=== Data to process ===
++++++++

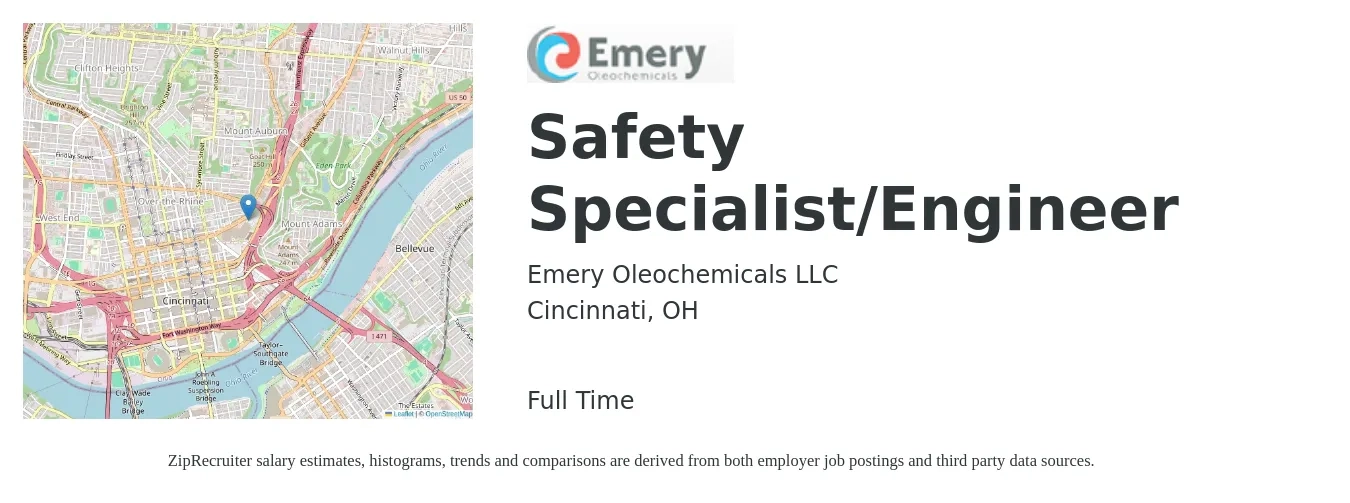 Emery Oleochemicals LLC job posting for a Safety Specialist/Engineer in Cincinnati, OH with a map of Cincinnati location.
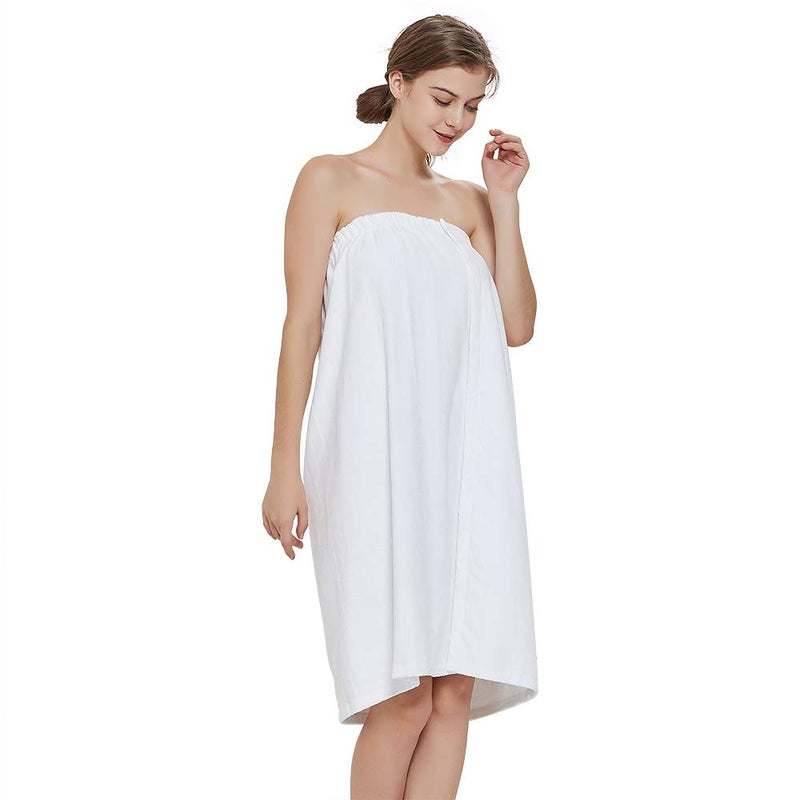 TopTie Womens Cotton Terry Spa Shower Bath Towel WrapWhiteSM
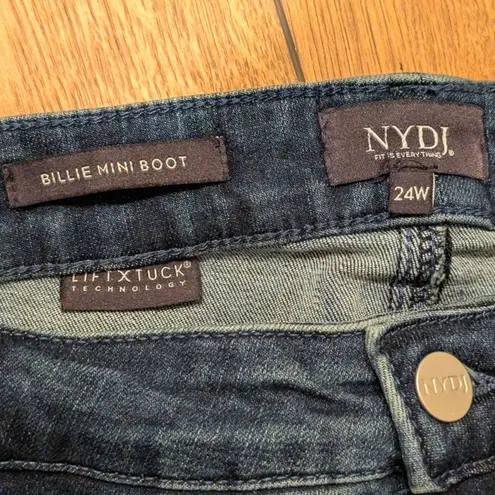 NYDJ Plus 24W 24 Billie Mini Boot Jeans Faded Denim Stretch Pants 3X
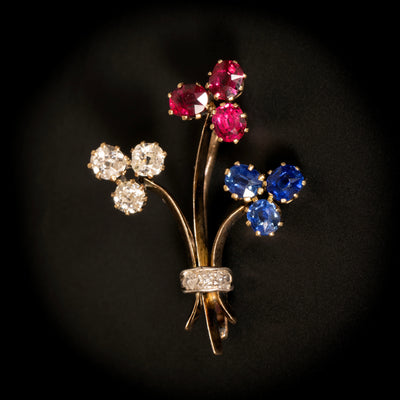 Antieke broche met diamant, spinel en saffier - #3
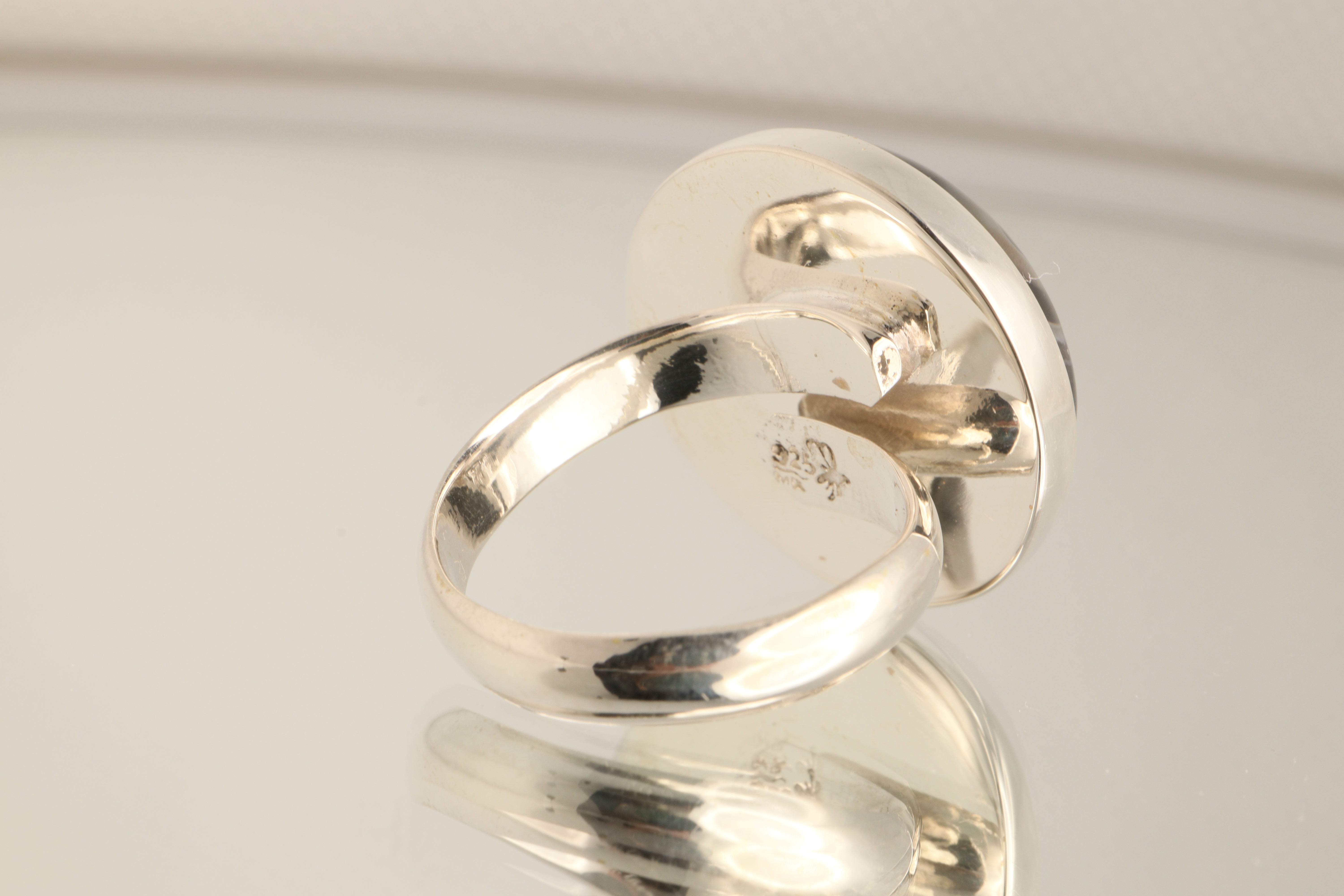 Espejo Del Alma – Agate Druzy Adjustable 925 Silver Ring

++++++++

=== Exercise prompt ===
Reproduce the whole listing above word for word, dropping each image.

=== Solution to the problem ===
 Emery Oleochemicals LLC job posting for a Safety Specialist/Engineer in Cincinnati, OH with a map of Cincinnati location.
 TopTie Womens Cotton Terry Spa Shower Bath Towel WrapWhiteSM
 NYDJ Plus 24W 24 Billie Mini Boot Jeans Faded Denim Stretch Pants 3X
 Antieke broche met diamant, spinel en saffier - #3
 Espejo Del Alma – Agate Druzy Adjustable 925 Silver Ring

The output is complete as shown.